Everything. I’m using my experience, stuff I know about, you know that I’ve learnt. The main thing I use initially is my eyes and just looking at the person. I mean you can’t treat someone just based on their

observations – can you?

Melissa brings the person into her vision, she uses all tools she has available, she sees the person and uses her all encompassing knowledge.

Kaye attempts to bring together her perception of knowledge as more than the sum of its parts:

It’s not just the text stuff it more, I think there is learning to be had in every situation both good and bad learning. Sometimes we need to unlearn. It is really I suppose the word is encompassing yes, all

encompassing knowledge that means that everything is included, do you understand what I mean.

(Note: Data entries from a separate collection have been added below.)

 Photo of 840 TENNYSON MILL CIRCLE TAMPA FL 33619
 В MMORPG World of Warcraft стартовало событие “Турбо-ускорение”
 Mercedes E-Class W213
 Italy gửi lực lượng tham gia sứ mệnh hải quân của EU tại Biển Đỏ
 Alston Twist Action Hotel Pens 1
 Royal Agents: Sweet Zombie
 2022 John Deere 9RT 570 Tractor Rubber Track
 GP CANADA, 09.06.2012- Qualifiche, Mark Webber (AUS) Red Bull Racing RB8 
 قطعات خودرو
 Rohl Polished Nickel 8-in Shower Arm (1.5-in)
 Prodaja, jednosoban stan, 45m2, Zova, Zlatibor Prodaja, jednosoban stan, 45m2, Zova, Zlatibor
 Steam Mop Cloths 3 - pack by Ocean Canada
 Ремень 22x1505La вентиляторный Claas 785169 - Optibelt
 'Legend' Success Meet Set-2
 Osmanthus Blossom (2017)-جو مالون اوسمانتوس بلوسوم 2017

In the context of expert intuitive practice knowledge is more than its component parts. The participants spoke of traditional knowledge in terms of what they learn from time-honoured sources such as courses or textbooks. Tacit knowledge falls outside of the traditional paradigm a participant called this a paradox. The participants also recognized the understandings that come from non-traditional knowledge which support their practice. The relationship and utility between knowledge and experience was clearly articulated by the participants. One of the participants interestingly looked at the suppression of knowledge when using judgement as though there are times when knowledge may hinder our practice. This she related to experience. Knowledge is a pre-understanding necessary for practice development and necessary for professional experience to shape the expert nurse.